DAVID BEVAN: Christopher Pyne, there will be people who will be worried listening to these conversations. What assurances can you give pensioners and self-funded retirees that they won’t be worse off in a week’s time?

CHRISTOPHER PYNE: We’ll have the budget on Tuesday and everybody will be able to see exactly what the Government’s proposing to do. I can tell you and I can tell everybody out there listening, we will definitely not gouge self-funded retirees – like Labor wants to do by introducing a 15% new tax on super - which is Labor’s proposal, because our view is that those people who have managed to save for their own retirement, through superannuation, and paying tax on the way into that, shouldn’t then be taxed on the way out. Now Labor sees other people’s super as their money and I can tell everybody who is listening we will not impose a 15% Super tax on self-funded retirees.

MATTHEW ABRAHAM: But will you change the pension because Tony Abbott promised not to?

CHRISTOPHER PYNE: Well I think you’ll see on Tuesday the final position that the Government has on the pension; there’s been speculation about tightening of the assets test and I think it will depend…

MATTHEW ABRAHAM: To honour his promise he’d have to not touch it at all, it would just be a no go area, correct?

CHRISTOPHER PYNE: It will be interesting to see if Labor believes that the assets test shouldn’t be changed whatsoever. I think that it would be fascinating to see if they want to block any measures around that.

MATTHEW ABRAHAM: I don't think that was the question, Chris Pyne?

CHRISTOPHER PYNE: You haven’t asked me about my own area, in education we’ve announced $843m of new funding for preschool, for 15 hours a week of preschool, which is good news so rather than focussing on what we don’t know until next Tuesday, I would love to tell you what we do know, which I announced on Sunday.

DAVID BEVAN: Is Mark Butler right, that a single income family on $65,000 with two kids will face cuts of about $6,000?

CHRISTOPHER PYNE: No he’s not right because NATSEM have been discredited in many respects over the last 12 months since last year’s budget, they’re an organisation at the University of Canberra and I think they need to seriously look at their work that they’re doing because they also came up with ludicrous proposals for fee increases for university fees based on a doubling of current fees and then adding 20% or 30%, they didn’t have any basis to these positions at all.

MATTHEW ABRAHAM: Mark Butler?

MARK BUTLER: That’s extraordinary: I’ve never heard a Government Minister question the integrity of NATSEM.

CHRISTOPHER PYNE: NATSEM’s, NATSEM’s —

MARK BUTLER: Let me have a go, Chris.
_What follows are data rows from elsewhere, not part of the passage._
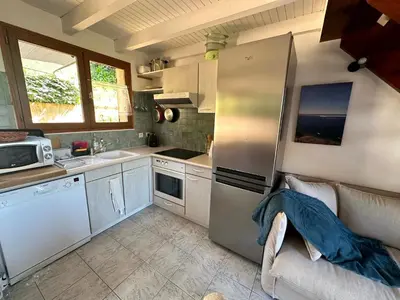 a kitchen with a stainless steel refrigerator and a couch at Les Oiseaux de Porticcio in Grosseto-Prugna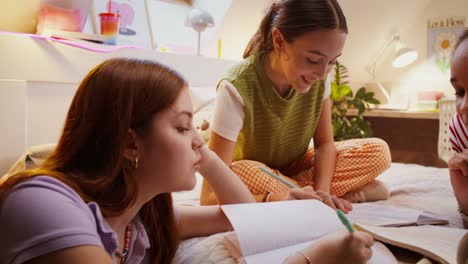 teenage girls studying together in a bedroom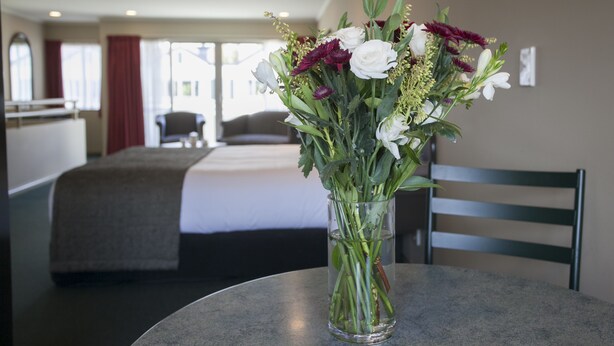 A hotel room with a bed, a table with a vase of flowers, and a chair.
NATSEM is recognised as the most significant economic modelling agency in the country, it’s been doing the key modelling, particularly for household incomes, for many, many years. To impugn their integrity or their capacity to model…
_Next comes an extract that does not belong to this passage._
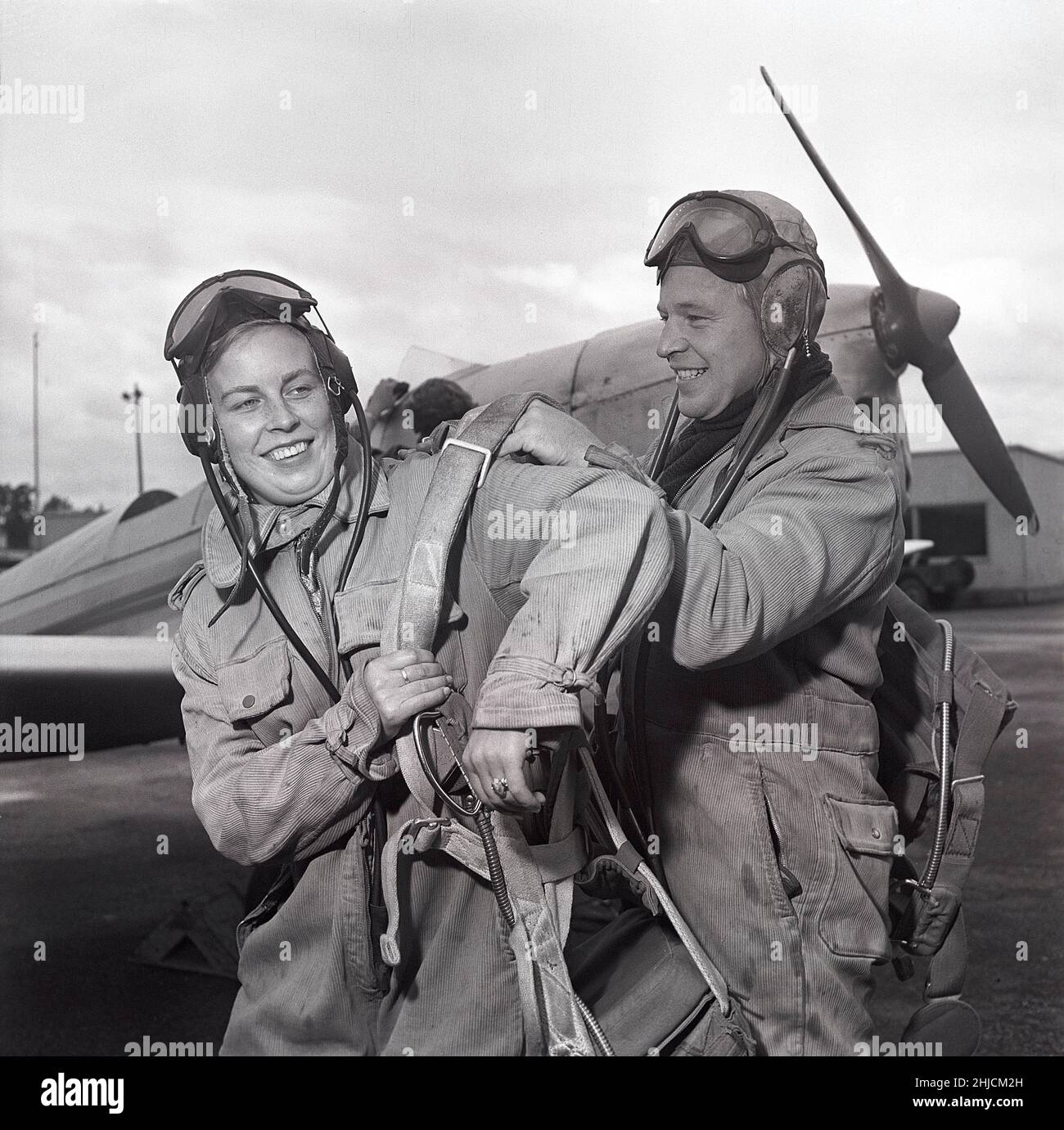 Pilot in the 1950s. Swedish Birgit Thuring 1912-1984. She is helped to put on here parachute before making the flight. Sweden 1950s Kristoffersson ref AT8-6 Stock Photo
CHRISTOPHER PYNE: It’s not their integrity, it’s their capacity.

MARK BUTLER: …is just extraordinary.

CHRISTOPHER PYNE: They got it wrong on universities.

MARK BUTLER: Talk about attacking the messenger.

CHRISTOPHER PYNE: NATSEM got it completely wrong on university fees and their modelling for the university fees is embarrassingly bad so unless they get their work right they should be criticised for it.

MARK BUTLER: Well I’d be very interested to see the Government’s modelling on the impact of the cuts to family payments on a $65,000 single-income family with a primary school and a high school student so I’d be absolutely gobsmacked.

CHRISTOPHER PYNE: There have been no cuts at all.

MARK BUTLER: Scott Morrison has been making them conditional on any improve to childcare.

MATTHEW ABRAHAM: And we’ll know next week and we’ll talk to you after the budget. Mark Butler, Labor MP for Port Adelaide, thank you Mark Butler.

MARK BUTLER: Thank you gentlemen.

MATTHEW ABRAHAM: And Chris Pyne, Liberal MP for Sturt, and Education Minister, thank you Christopher Pyne.

CHRISTOPHER PYNE: It’s a pleasure, thank you.